* [Data excerpt]
[Start of section]

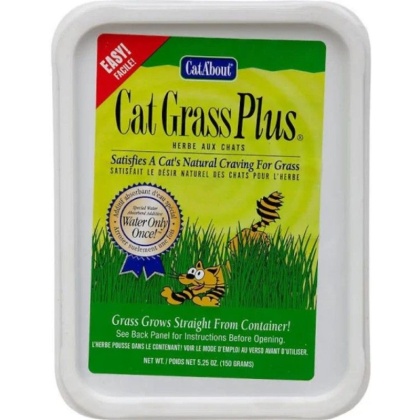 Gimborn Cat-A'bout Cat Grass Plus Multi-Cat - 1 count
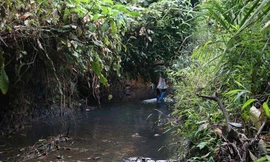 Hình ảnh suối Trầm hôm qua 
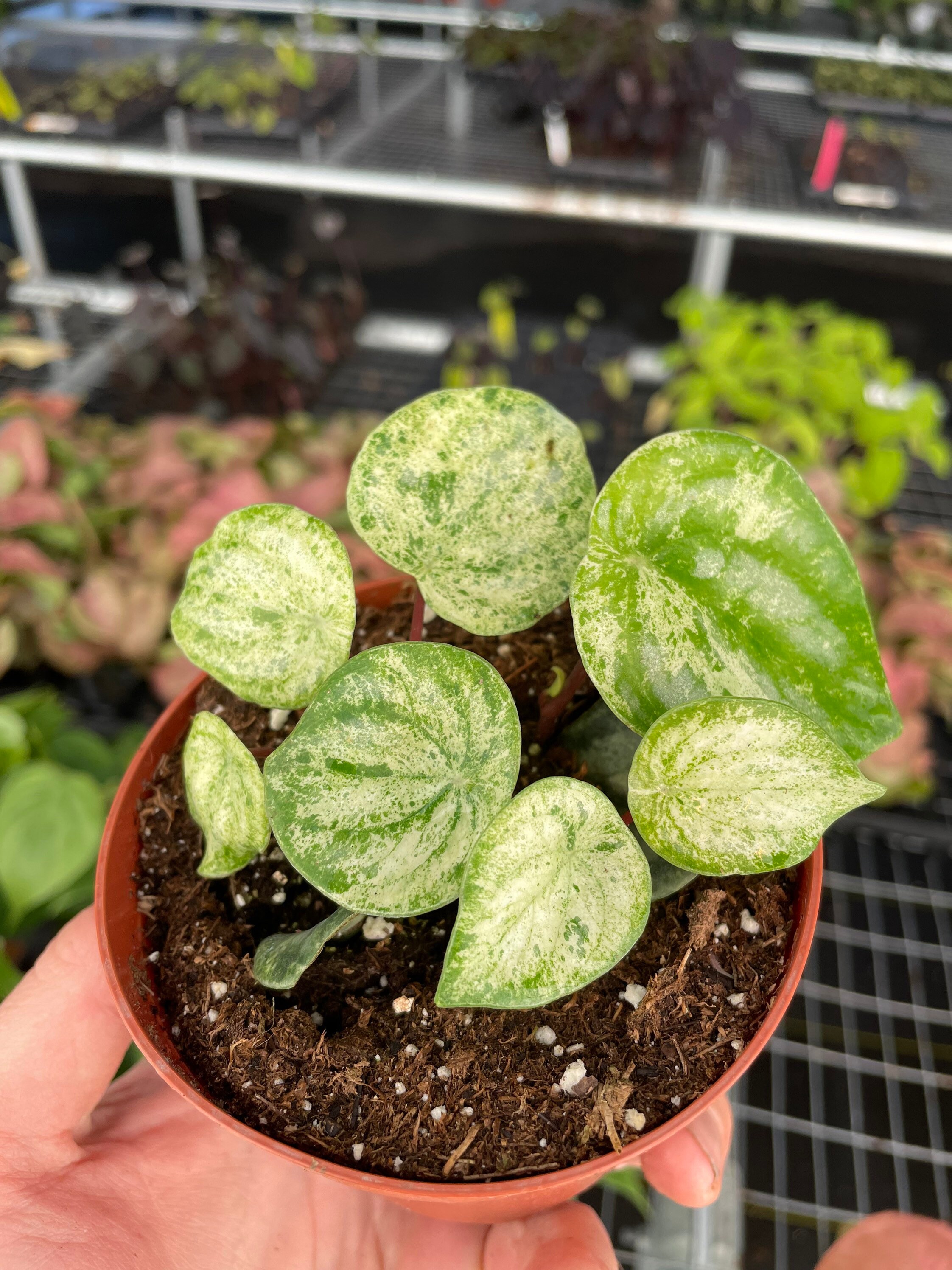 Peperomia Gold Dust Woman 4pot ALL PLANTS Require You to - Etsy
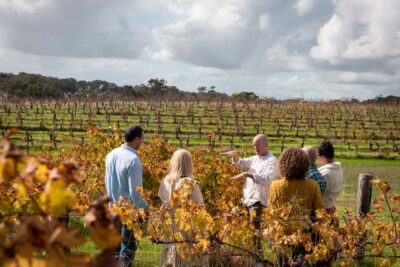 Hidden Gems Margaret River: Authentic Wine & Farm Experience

[End of section]

* [Exercise directions] A verbatim rendering of the listing above is required, without any of its pictures.

* [Response]
 Gimborn Cat-A'bout Cat Grass Plus Multi-Cat - 1 count
 Hình ảnh suối Trầm hôm qua 
 Peperomia Gold Dust Woman 4pot ALL PLANTS Require You to - Etsy
 Hidden Gems Margaret River: Authentic Wine & Farm Experience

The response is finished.